▶ [Information supplied]
★ ★ ★ ★
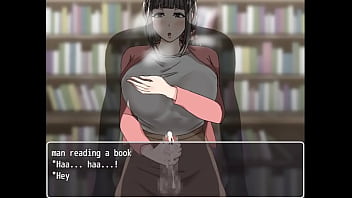 Ayako jacks off lucky guy in the bookstore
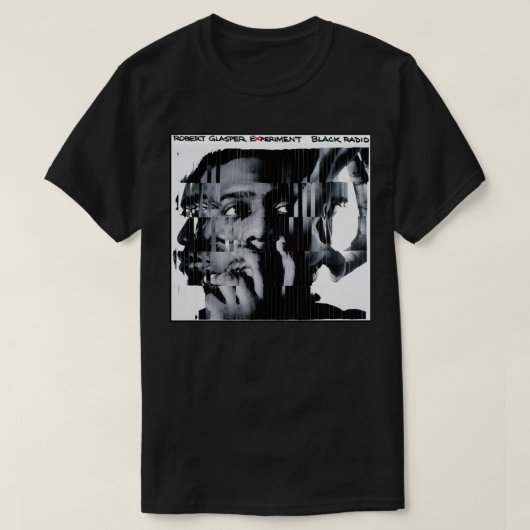 Robert Glasper Experiment – ブラックラジオクラシックT- Tシャツ (デザイン正面)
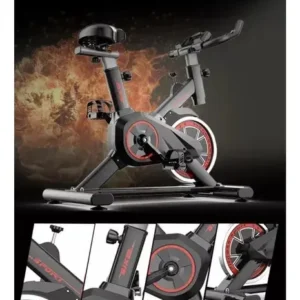 Bicicleta Bike Spinning Exercício Fitness Ergométrica Evo Cor Preto/vermelho - Imagem 6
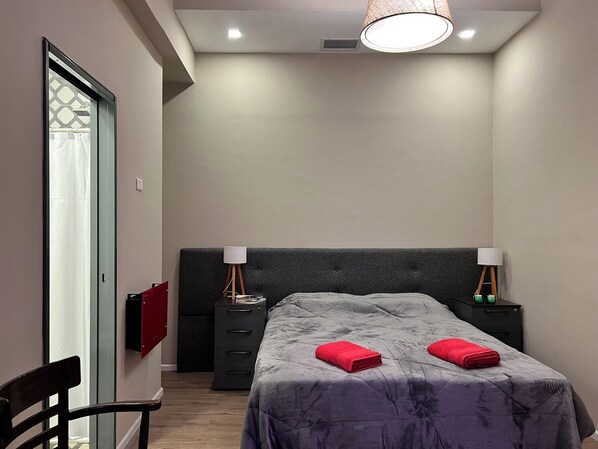 Down comforters, pillowtop beds, individually decorated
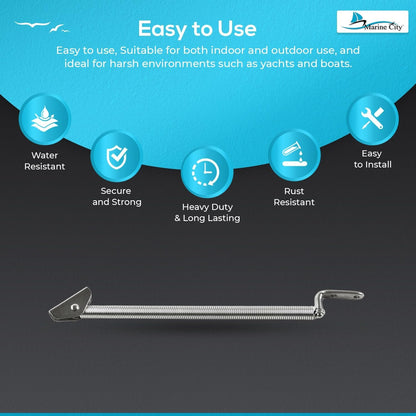 Marine City 10-1/4" Hatch Holder Adjuster–Stainless Steel, with U-Bolt & L-Plate Marine City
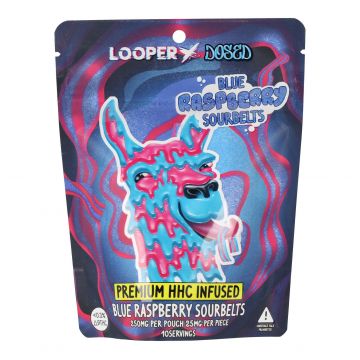 LOOPER X Dosed Blue Raspberry Sourbelts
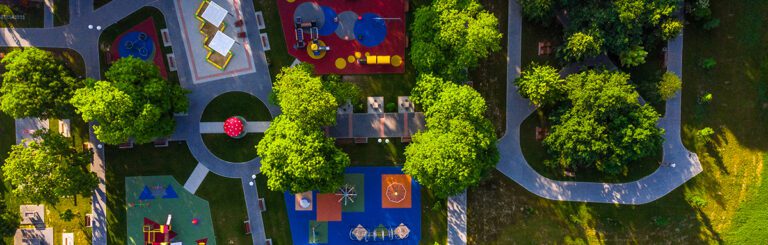 Colorful Playground in Public Park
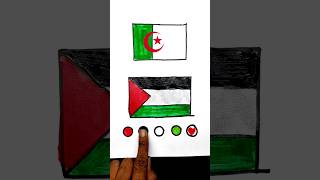 اسرائيل ❌ فلسطين ✔️ ربي ينصر اخوانا في فلسطين drawing draw makeuptutorial palestine israel [upl. by Valera243]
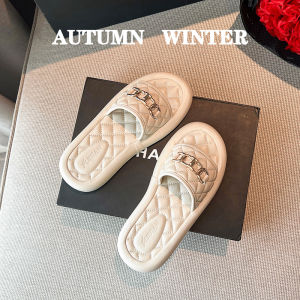 Elegant French Style Womens Sandals Summer Outdoor Fashion Thick Bottom Flat Heel Slippers Korean Version Daily Wear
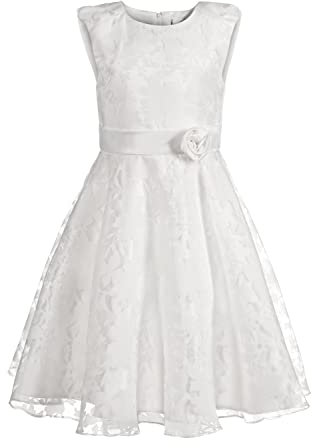 Eisend Mädchen Gloria Kleid, Elfenbein (Ecru 11), 140
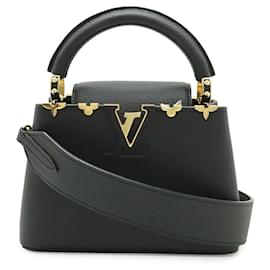 Borsa Louis Vuitton Capucines Mini Nera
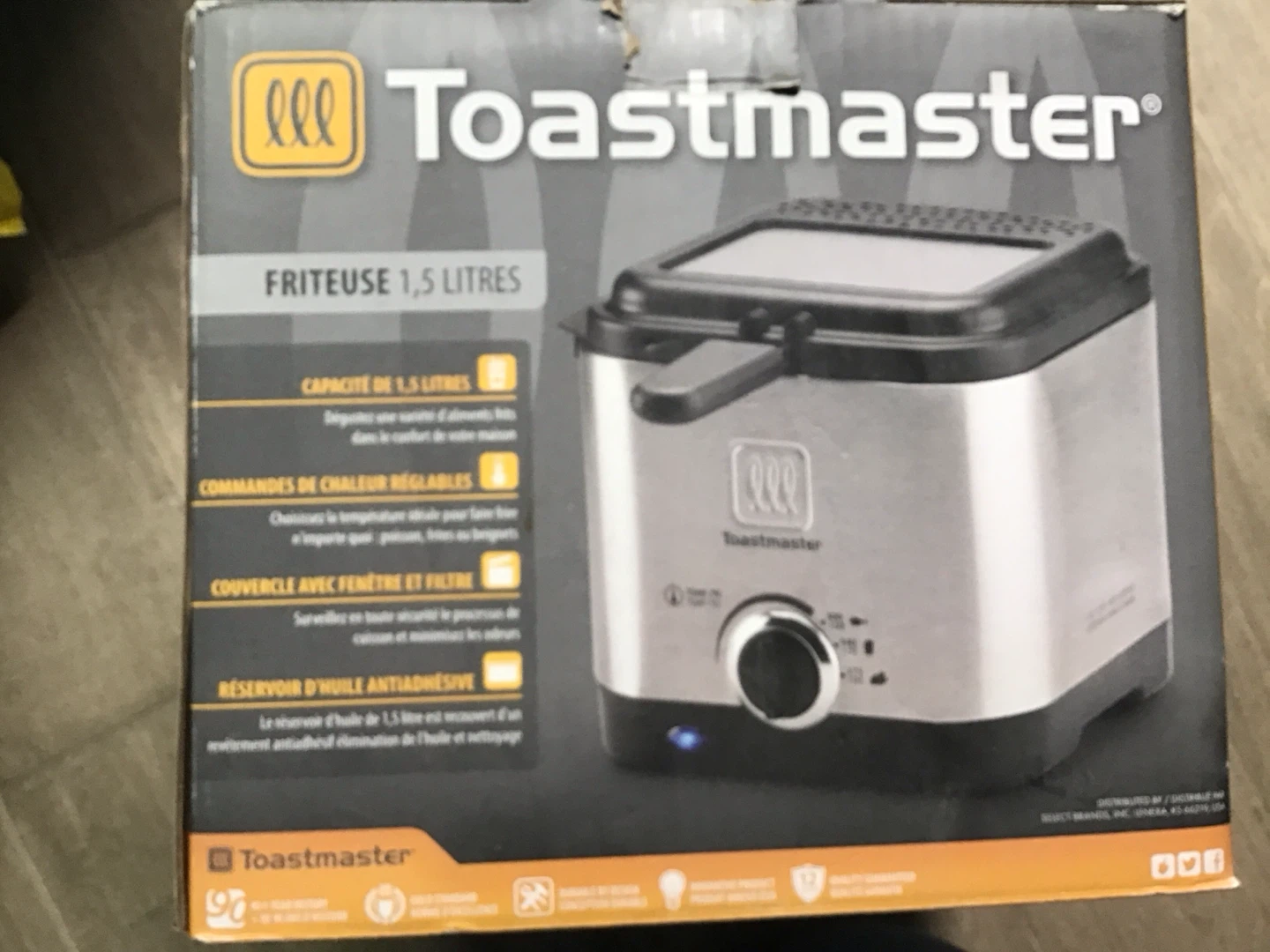Toastmaster 1.5L Deep Fryer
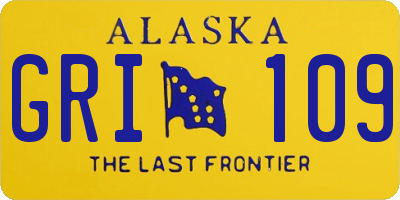 AK license plate GRI109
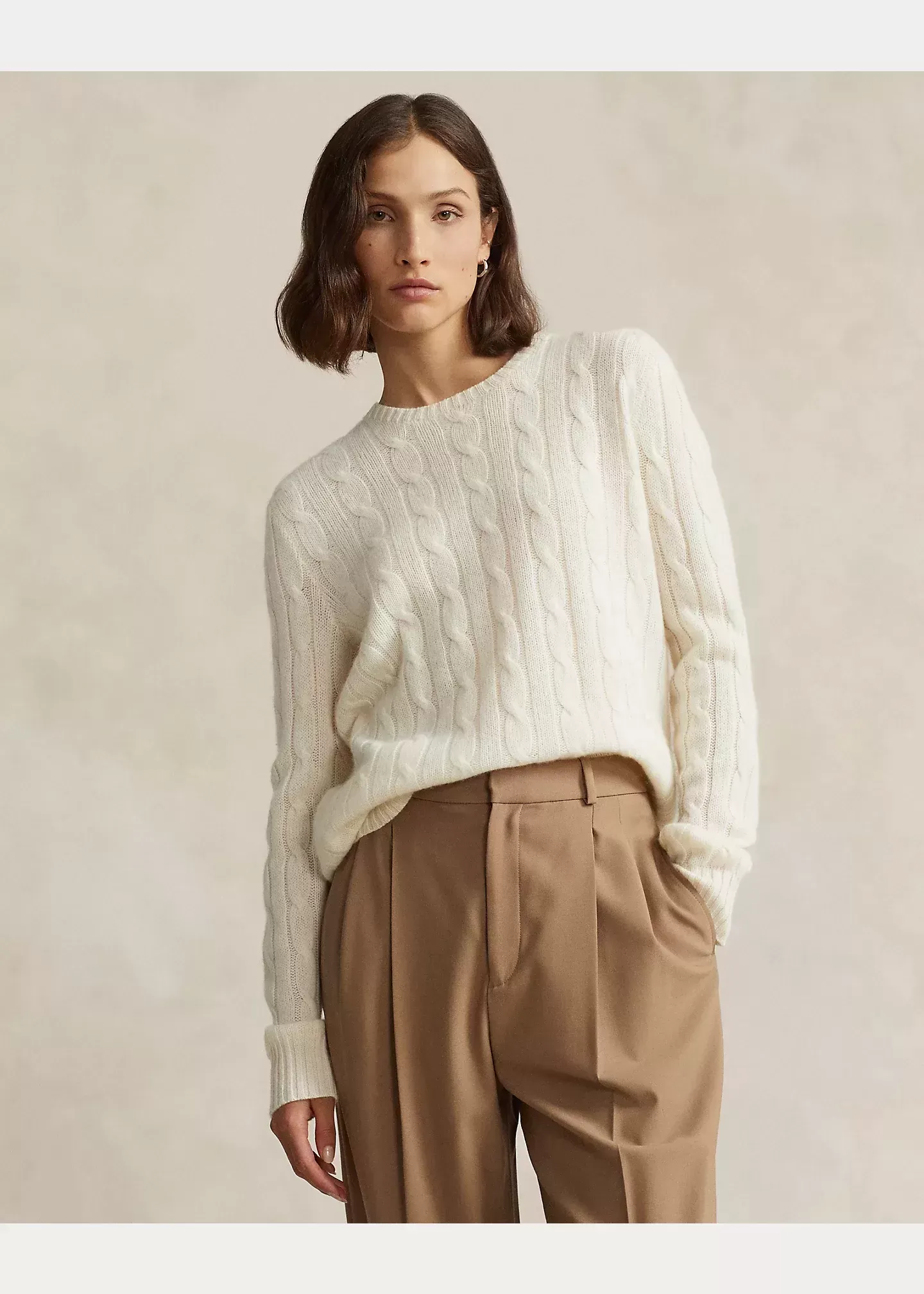 Polo Ralph Lauren The Iconic Cable-Knit Cashmere Sweater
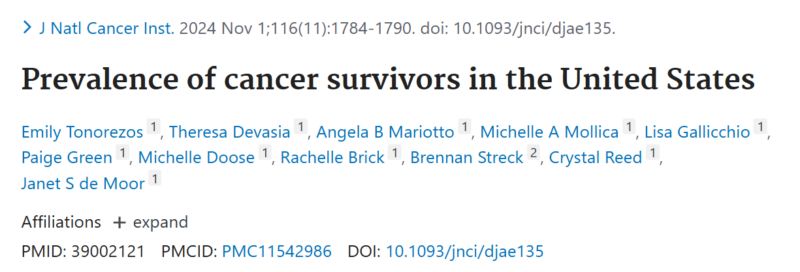 Cancer survivors are growing in number - National Cancer Institute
★ ★ ★ ★
▶ [Exercise objective] For this exercise, return exactly the lines above from the line with "Robert Glasper Experiment" through the line with "Polo Ralph Lauren", both included. Do not copy the pictures.

▶ [Written answer]
 Robert Glasper Experiment – ブラックラジオクラシックT- Tシャツ (デザイン正面)
 Bicicleta Bike Spinning Exercício Fitness Ergométrica Evo Cor Preto/vermelho - Imagem 6
 Down comforters, pillowtop beds, individually decorated
 Marine City 10-1/4" Hatch Holder Adjuster–Stainless Steel, with U-Bolt & L-Plate Marine City
 LOOPER X Dosed Blue Raspberry Sourbelts
 Colorful Playground in Public Park
 اسرائيل ❌ فلسطين ✔️ ربي ينصر اخوانا في فلسطين drawing draw makeuptutorial palestine israel [upl. by Valera243]
 Elegant French Style Womens Sandals Summer Outdoor Fashion Thick Bottom Flat Heel Slippers Korean Version Daily Wear
 Eisend Mädchen Gloria Kleid, Elfenbein (Ecru 11), 140
 Borsa Louis Vuitton Capucines Mini Nera
Toastmaster 1.5L Deep Fryer
 AK license plate GRI109
 Polo Ralph Lauren The Iconic Cable-Knit Cashmere Sweater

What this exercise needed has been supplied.